Overview: In recent years, pedestrian detection techniques based on visible images have been developed rapidly. However, interference from light, smoke, and occlusion makes it difficult to achieve robust detection around the clock by relying on these images alone. Thermal images, on the other hand, can sense the thermal radiation information in the specified wavelength band emitted by the target, which are highly resistant to interference, ambient lighting, etc, and widely used in security and transportation. At present, the detection performance of thermal images still needs to be improved, which suffers from the poor image quality of thermal images and the interference of some noisy samples to network learning.

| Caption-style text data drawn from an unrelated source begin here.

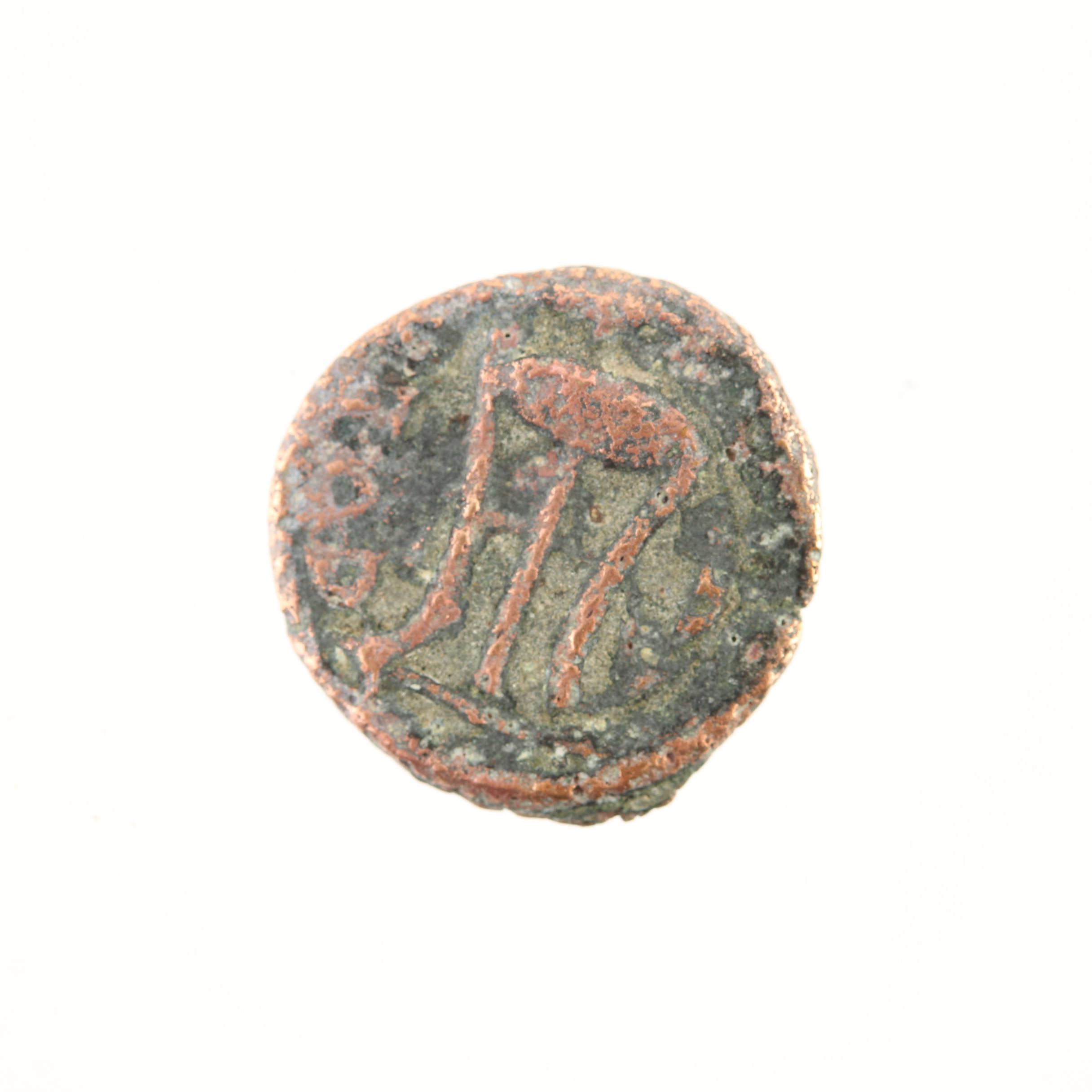 Ten Ancient Roman Imperial Bronze AE4 Coins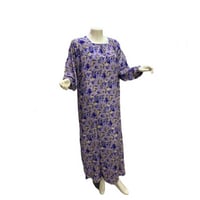 قميص روز كم طويل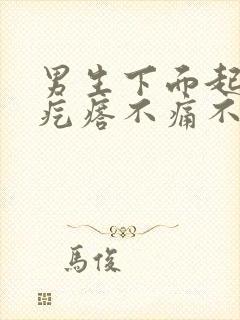 男生下面起红色疙瘩不痛不痒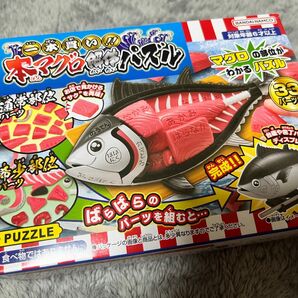 バンダイ マグロ解体パズル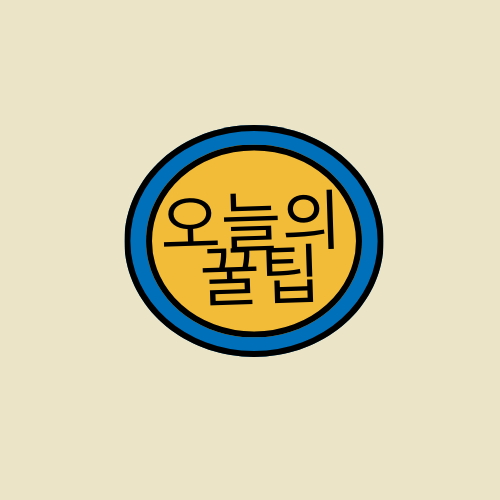 프로필 로고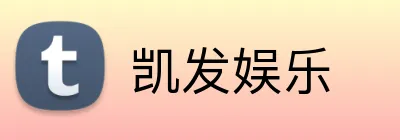 凯发娱乐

In order to improve the performance of the thermal pedestrian detection algorithm, we firstly introduce a saliency detection map as supervised information and adopt a framework of multi-task learning, where the main network completes the pedestrian detection task and the auxiliary network satisfies the saliency detection task. By sharing the feature extraction modules of both tasks, the network has saliency detection capability while guiding the network to focus on salient regions. To search for the most reasonable framework of the auxiliary network, we test four different kinds of design from the independent-learning to the guided-attentive model. Secondly, through the visualization of the pedestrian samples, we induce noisy samples that have lower saliency expressions in the thermal images and introduce the saliency strengths of different samples into the classification loss function by hand-designing the mapping function to relieve the interference of noisy samples on the network learning. To achieve this goal, we adopt a sigmoid function with reasonable transformation as our mapping function, which maps the saliency area percentage to the saliency score. Finally, we introduce the saliency score to the Focal Loss and design the Smooth Focal Loss, which can decrease the loss of low-saliency samples with reasonable settings.
Extensive experiments on KAIST thermal images have proved the conclusions as follows. First, compared with other auxiliary frameworks, our cascaded model achieves impressive performance with independent design. Besides, compared with the RetinaNet, we decrease the log-average miss rate by 4.43%, which achieves competitive results among popular thermal pedestrian detection methods. Finally, our method has no impact on the computational cost in the inference process as a network training strategy. Although the effectiveness of our method has been proven, one still needs to set the super-parameters manually. In the future, how to enable the network to adapt to various detection conditions will be our next research point.